ACTIVITY. Only the lines from the line containing "Temdan Magnetic Compatible" through the final line of the entries should be printed, exactly as given, with the pictures left out.

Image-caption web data

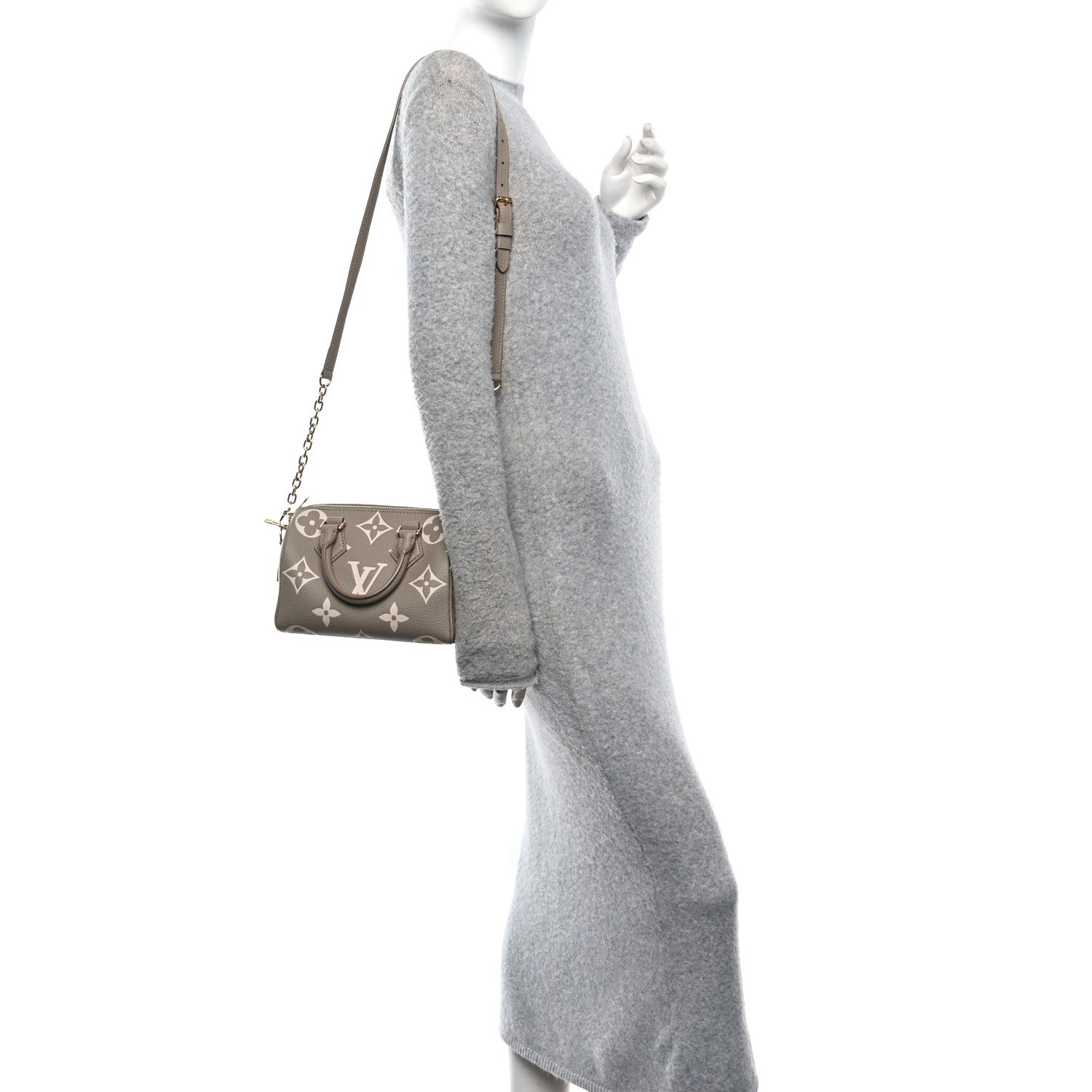 Louis Vuitton Empreinte Monogram Giant Speedy Bandouliere 20 Creme Beige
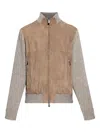 Paul & Shark Suede Wool-paneled Bomber Jacket In Brown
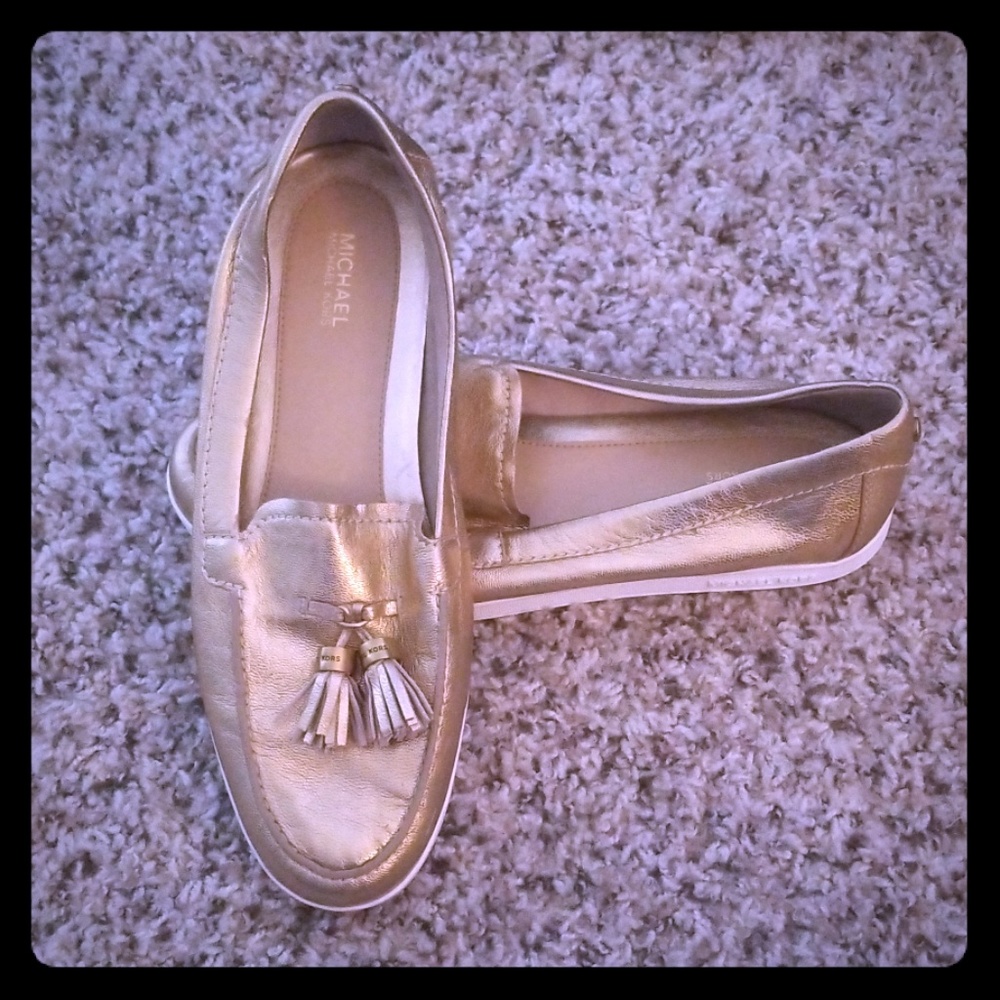 MK Gold Loafers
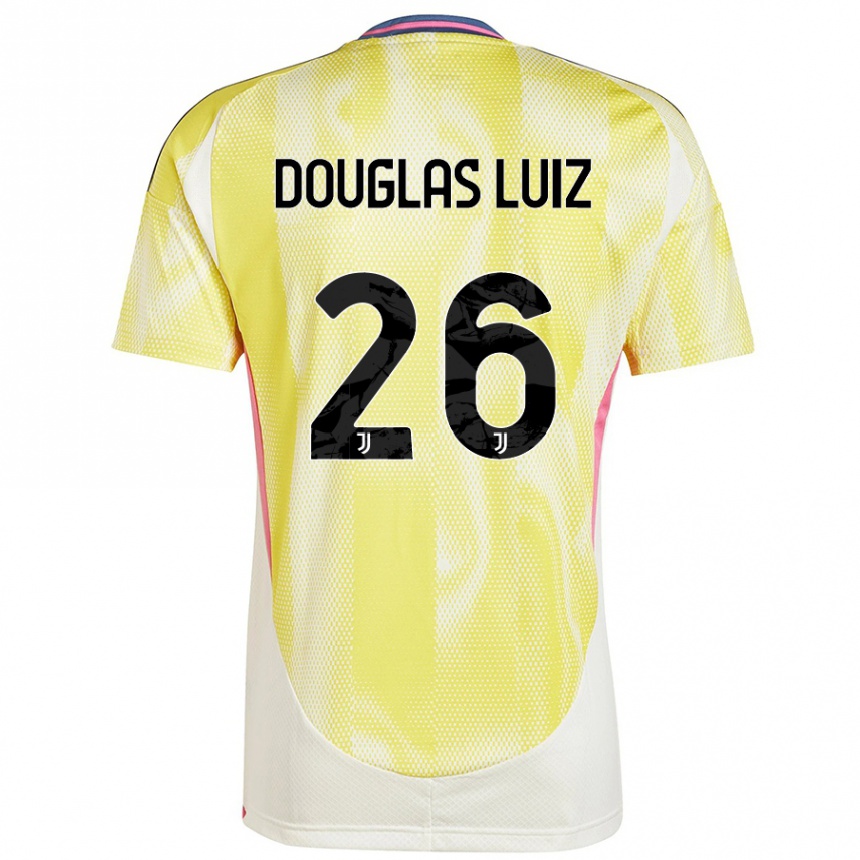 Kinder Fußball Douglas Luiz #26 Solargelb Auswärtstrikot Trikot 2024/25 T-Shirt Luxemburg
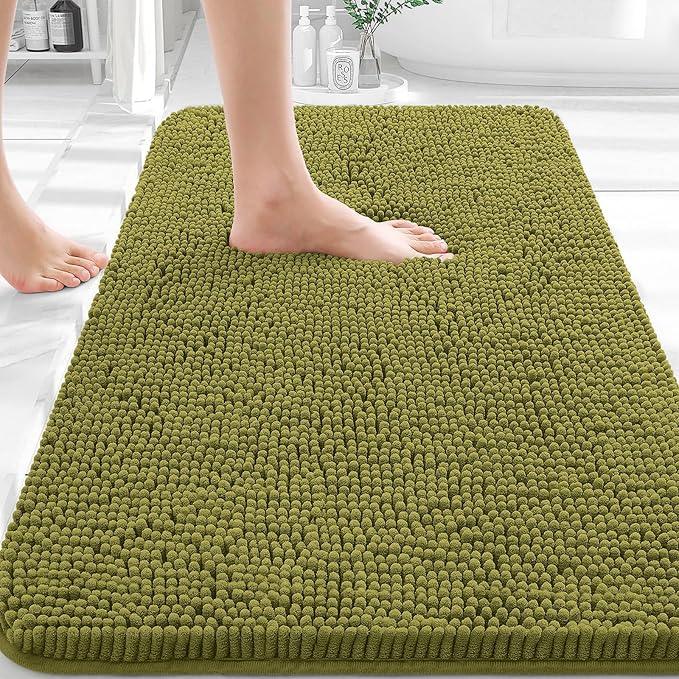 OLANLY Bathroom Rugs 36x24, Extra Soft Absorbent Chenille Bath Rugs, Rubber Backing Quick Dry, Machine Washable Bath Mats for Bathroom Floor, Tub and Shower, Home Decor Accessories, Willow Green - ModernBath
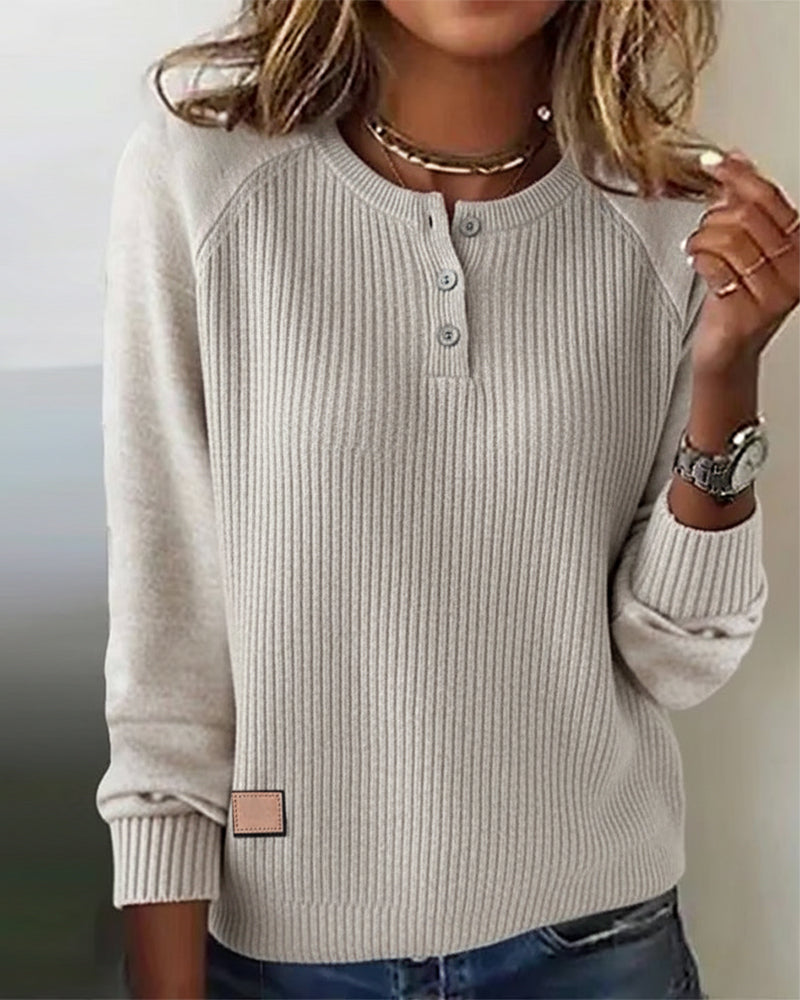 Pull Élégant Bouton Manche Raglan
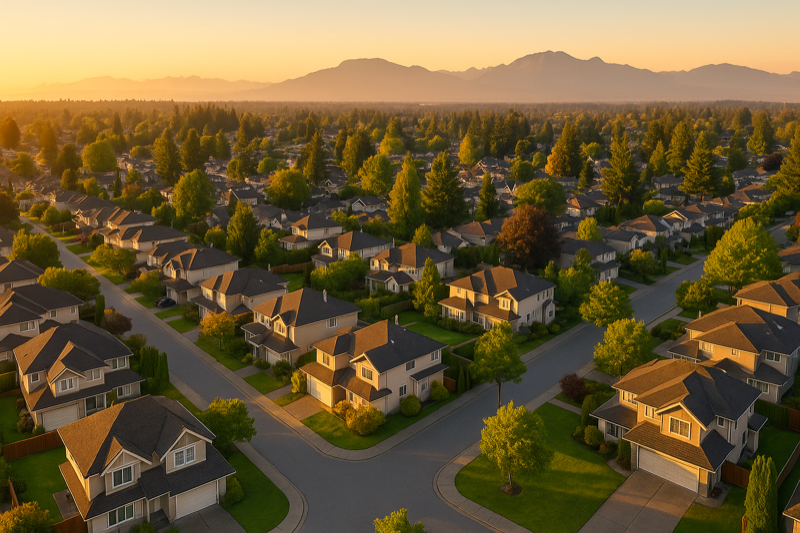 Beautiful aerial view of Surrey BC neighbourhoods at golden hour with tree-lined streets and distant mountains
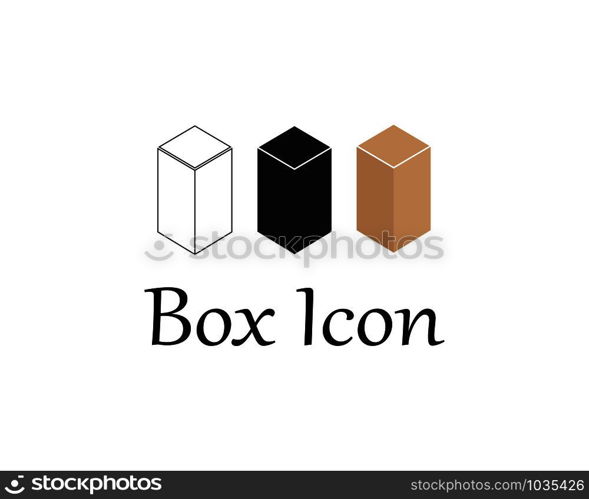 Open cardboard box icon illustration design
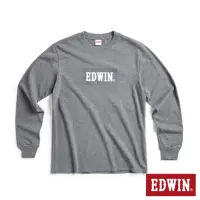 在飛比找momo購物網優惠-【EDWIN】女裝 BOX LOGO長袖T恤(灰色)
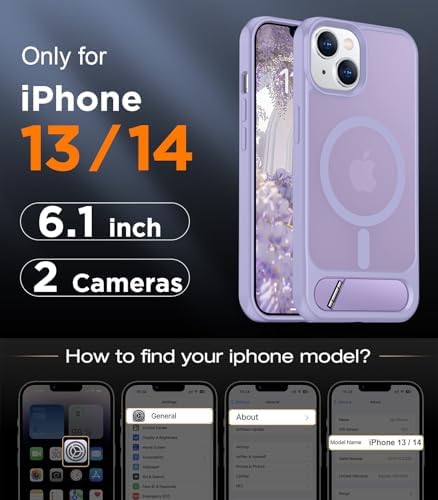 Temdan Magnetic Compatible with iPhone 14 Case/iPhone 13 Case,[Built-in Invisible Kickstand][Compatible with MagSafe][Military Grade Shockproof] Slim Translucent Matte Phone Case for iPhone 14/13 6.1" - Image 2
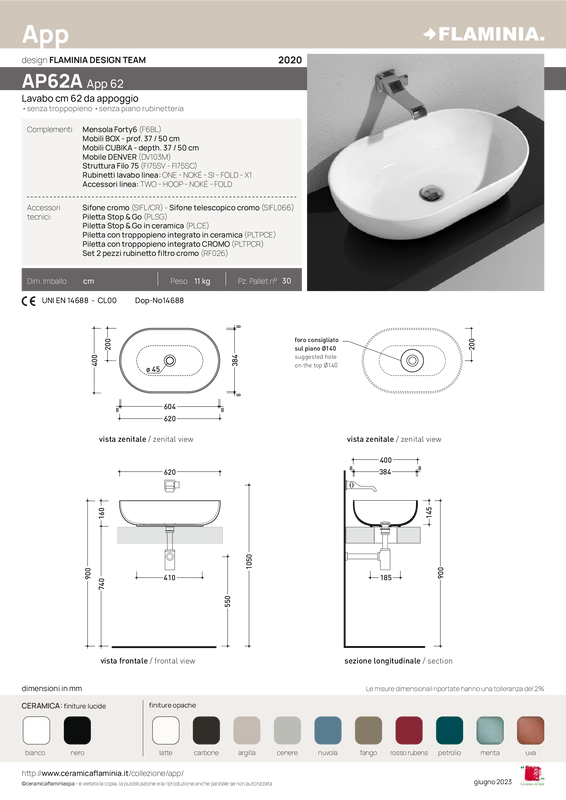 FLAMINIA APP LAVABO DA APPOGGIO 62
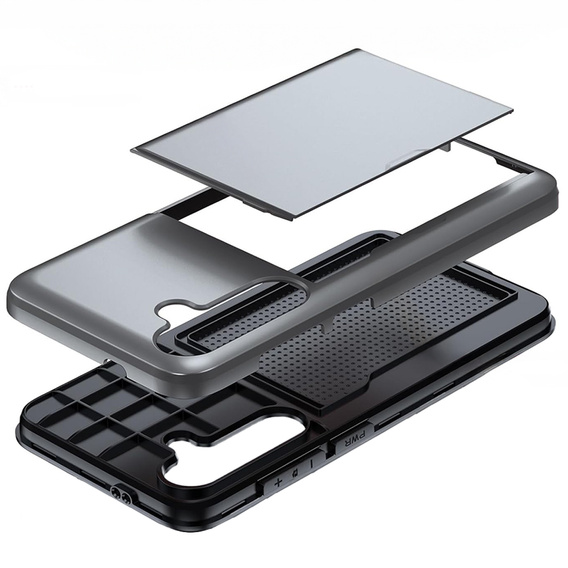 Obal na mobil pre Samsung Galaxy A56 5G, Sliding Card Holder, sivé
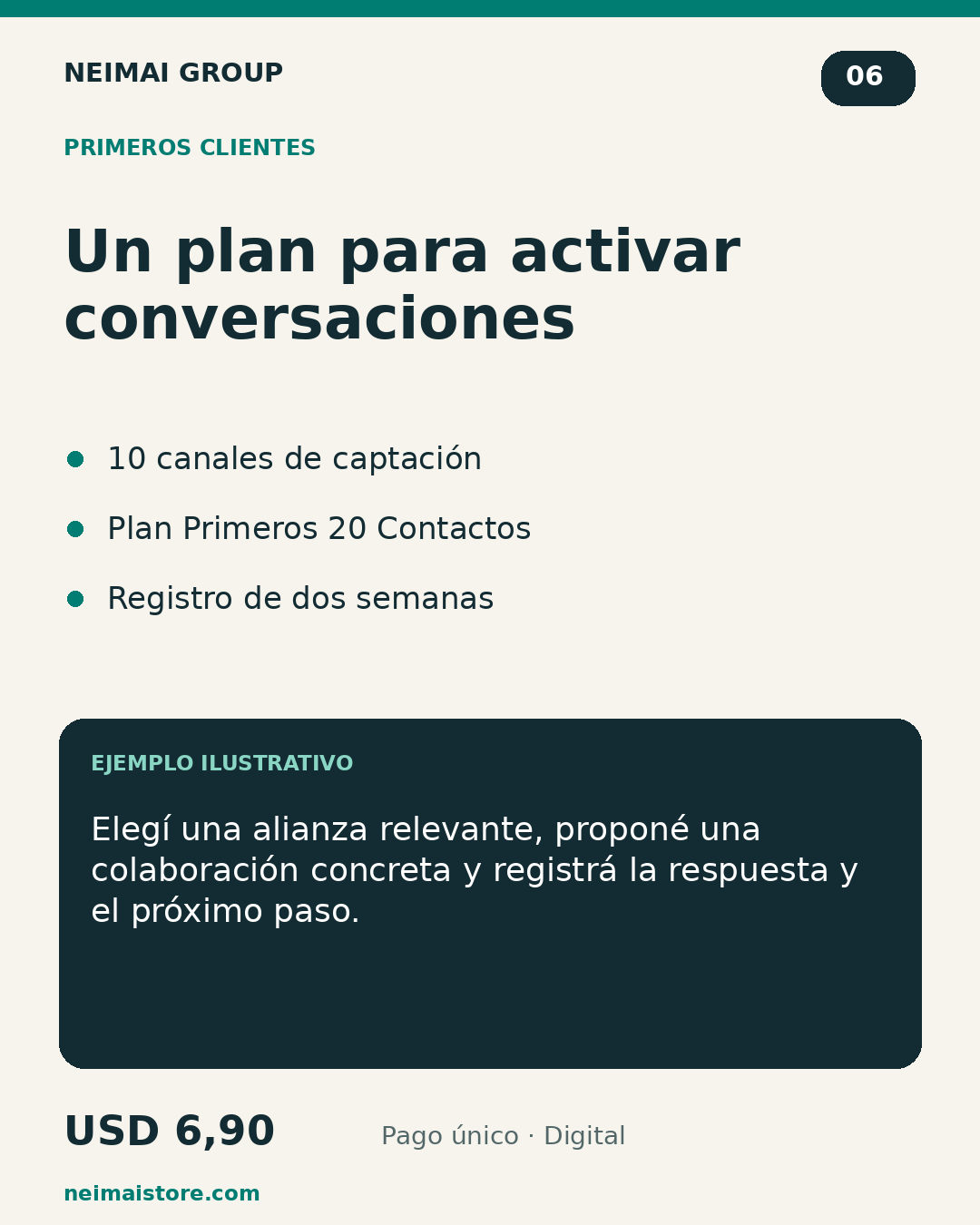 Qué incluye Primeros Clientes y ejemplo ilustrativo de uso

OUTPUT.
 Temdan Magnetic Compatible with iPhone 14 Case/iPhone 13 Case,[Built-in Invisible Kickstand][Compatible with MagSafe][Military Grade Shockproof] Slim Translucent Matte Phone Case for iPhone 14/13 6.1" - Image 2
 FLAMINIA APP LAVABO DA APPOGGIO 62
 Obal na mobil pre Samsung Galaxy A56 5G, Sliding Card Holder, sivé
 Qué incluye Primeros Clientes y ejemplo ilustrativo de uso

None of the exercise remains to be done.